**Aim of the exercise**
Return each line of the material below exactly. Begin at the first and end on the line with "Modern wooden kitchen Stock Photo".

**Given data**
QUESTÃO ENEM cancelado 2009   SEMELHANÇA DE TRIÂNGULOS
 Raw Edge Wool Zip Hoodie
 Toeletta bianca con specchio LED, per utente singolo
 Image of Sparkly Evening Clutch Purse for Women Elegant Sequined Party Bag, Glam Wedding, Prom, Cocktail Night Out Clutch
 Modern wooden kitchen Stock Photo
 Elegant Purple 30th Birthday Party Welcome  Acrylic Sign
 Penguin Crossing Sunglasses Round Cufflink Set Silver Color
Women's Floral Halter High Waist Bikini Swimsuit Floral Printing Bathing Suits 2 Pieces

**Result**
QUESTÃO ENEM cancelado 2009   SEMELHANÇA DE TRIÂNGULOS
 Raw Edge Wool Zip Hoodie
 Toeletta bianca con specchio LED, per utente singolo
 Image of Sparkly Evening Clutch Purse for Women Elegant Sequined Party Bag, Glam Wedding, Prom, Cocktail Night Out Clutch
 Modern wooden kitchen Stock Photo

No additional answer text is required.